3. Il giudice interno, il quale ha
la materiale disponibilità di incidere sulla fattispecie
concreta, non può ignorare o svuotare di contenuto il
decisum definitivo della Corte Europea, anche se si
tratta di condanna dello Stato a titolo di equa
soddisfazione, per la quale non vi è bisogno di alcun
exequatur e di fronte alla quale lo Stato non ha altra
scelta se non quella di pagare, come di fatto accade;
4. La decisione definitiva ha
nell'ambito interno, e in relazione al procedimento,
valore assimilabile al giudicato formale, ovvero vale
solo per il procedimento in corso ed, in quanto tale, ha
ovvia ricaduta sulla situazione che in simile ipotesi il
giudice è chiamato ad affrontare, in quanto presupposto
logico-giuridico delle relative problematiche che quel
giudice è chiamato a risolvere.
Cassazione, sez. III, 30 settembre
2011, n. 19985
(Pres. Trifone – Rel.

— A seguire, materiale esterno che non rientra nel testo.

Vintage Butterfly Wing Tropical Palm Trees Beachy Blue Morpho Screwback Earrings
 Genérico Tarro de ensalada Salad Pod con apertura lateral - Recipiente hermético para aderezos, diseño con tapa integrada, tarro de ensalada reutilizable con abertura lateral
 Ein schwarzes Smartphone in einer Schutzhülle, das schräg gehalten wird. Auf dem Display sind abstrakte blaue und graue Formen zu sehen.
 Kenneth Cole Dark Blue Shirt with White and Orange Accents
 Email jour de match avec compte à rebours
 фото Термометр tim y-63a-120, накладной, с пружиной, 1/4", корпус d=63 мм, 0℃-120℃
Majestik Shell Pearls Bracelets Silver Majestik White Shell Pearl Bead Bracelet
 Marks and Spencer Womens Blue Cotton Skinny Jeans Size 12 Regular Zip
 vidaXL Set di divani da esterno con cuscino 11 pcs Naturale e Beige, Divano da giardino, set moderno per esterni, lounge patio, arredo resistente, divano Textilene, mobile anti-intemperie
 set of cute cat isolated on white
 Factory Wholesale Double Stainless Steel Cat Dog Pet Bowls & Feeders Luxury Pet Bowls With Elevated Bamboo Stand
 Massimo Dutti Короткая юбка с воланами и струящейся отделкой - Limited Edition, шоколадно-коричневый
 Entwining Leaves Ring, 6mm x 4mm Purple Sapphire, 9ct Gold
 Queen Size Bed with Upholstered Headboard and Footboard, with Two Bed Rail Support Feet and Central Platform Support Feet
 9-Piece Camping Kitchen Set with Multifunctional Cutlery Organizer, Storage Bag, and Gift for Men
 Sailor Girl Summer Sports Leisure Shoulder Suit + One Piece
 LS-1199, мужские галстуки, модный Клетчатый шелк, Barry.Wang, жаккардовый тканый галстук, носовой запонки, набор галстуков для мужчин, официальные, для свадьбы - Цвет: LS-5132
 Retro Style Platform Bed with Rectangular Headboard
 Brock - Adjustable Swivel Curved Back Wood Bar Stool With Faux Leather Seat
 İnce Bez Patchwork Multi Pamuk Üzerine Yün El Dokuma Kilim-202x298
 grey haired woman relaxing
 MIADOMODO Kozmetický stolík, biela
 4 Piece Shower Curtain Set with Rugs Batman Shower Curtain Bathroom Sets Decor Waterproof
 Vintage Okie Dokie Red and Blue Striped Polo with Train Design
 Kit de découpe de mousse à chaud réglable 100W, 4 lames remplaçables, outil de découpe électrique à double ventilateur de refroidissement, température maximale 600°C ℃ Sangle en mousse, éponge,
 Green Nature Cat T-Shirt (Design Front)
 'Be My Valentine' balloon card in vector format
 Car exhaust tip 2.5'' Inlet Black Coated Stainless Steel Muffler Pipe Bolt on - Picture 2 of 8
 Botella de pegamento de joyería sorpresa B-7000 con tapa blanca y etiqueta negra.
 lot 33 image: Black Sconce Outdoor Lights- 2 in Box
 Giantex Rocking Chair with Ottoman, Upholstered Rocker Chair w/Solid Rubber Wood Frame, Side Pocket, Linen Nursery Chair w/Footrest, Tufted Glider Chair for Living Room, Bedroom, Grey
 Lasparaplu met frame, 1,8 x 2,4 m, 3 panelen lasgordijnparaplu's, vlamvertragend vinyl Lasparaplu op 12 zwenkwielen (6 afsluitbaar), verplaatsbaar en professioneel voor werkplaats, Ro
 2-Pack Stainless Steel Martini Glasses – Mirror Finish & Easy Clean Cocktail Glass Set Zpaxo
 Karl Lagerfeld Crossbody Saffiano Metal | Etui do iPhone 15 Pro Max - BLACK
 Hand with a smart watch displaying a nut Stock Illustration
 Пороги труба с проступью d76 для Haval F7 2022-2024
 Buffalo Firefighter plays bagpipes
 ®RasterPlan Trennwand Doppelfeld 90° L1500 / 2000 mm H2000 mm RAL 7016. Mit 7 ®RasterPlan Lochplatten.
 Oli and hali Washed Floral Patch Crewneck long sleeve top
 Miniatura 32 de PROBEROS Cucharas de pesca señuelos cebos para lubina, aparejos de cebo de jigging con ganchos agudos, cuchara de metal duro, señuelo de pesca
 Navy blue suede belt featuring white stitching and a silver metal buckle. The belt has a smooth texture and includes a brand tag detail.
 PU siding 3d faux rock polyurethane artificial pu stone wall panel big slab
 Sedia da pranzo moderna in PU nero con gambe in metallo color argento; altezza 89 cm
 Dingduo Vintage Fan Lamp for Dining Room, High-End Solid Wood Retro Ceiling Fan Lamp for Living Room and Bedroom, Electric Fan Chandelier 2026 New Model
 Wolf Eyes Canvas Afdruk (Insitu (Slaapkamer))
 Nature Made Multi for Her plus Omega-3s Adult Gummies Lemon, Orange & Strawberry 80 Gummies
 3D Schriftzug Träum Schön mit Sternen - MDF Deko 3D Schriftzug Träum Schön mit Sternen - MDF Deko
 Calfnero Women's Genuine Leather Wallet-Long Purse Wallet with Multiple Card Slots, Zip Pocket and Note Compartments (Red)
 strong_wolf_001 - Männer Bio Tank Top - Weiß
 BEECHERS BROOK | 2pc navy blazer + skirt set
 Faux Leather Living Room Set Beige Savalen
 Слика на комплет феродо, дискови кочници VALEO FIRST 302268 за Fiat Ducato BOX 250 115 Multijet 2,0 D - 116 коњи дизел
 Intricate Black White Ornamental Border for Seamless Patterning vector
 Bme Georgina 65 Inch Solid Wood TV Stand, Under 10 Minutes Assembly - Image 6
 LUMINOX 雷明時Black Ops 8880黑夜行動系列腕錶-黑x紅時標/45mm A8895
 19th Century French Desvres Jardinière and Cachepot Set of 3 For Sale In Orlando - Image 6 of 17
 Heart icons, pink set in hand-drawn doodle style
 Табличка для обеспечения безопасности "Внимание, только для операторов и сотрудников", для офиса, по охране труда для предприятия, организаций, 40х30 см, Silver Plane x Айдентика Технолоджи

Uccella)
Svolgimento del processo
Con sentenza dell'8 maggio 2002 il
Tribunale di Roma rigettava la domanda di F..D.J. ,
proposta nei confronti di F.A. , volta ad ottenere il
risarcimento dei danni asseritamene patiti a causa di
espressioni ingiuriose e diffamatorie, contenute in
un'intervista rilasciata dal F. ad una giornalista del
quotidiano "(omissis) .
Sull'impugnazione di F..D.J. la
Corte d'appello di Roma, con sentenza del 16 maggio
2005, rigettava il gravame prendendo in esame anche la
sentenza della Corte Europea dei diritti dell'uomo, che,
dopo la pronuncia della sentenza di primo grado del
tribunale, aveva accolto il ricorso, proposto dallo
stesso D.J. , per violazione dell'art. 6, primo comma,
della Convenzione Europea dei diritti dell'uomo e delle
libertà fondamentali.
Avverso la decisione della Corte
d'appello propone ricorso per cassazione F..D.J. ,
affidandosi ad un unico motivo, illustrato anche da
successiva memoria.
Resiste con controricorso A..F. .
All'udienza del 21 ottobre 2010 il
Collegio, poiché vi era motivo per ritenere che A..F.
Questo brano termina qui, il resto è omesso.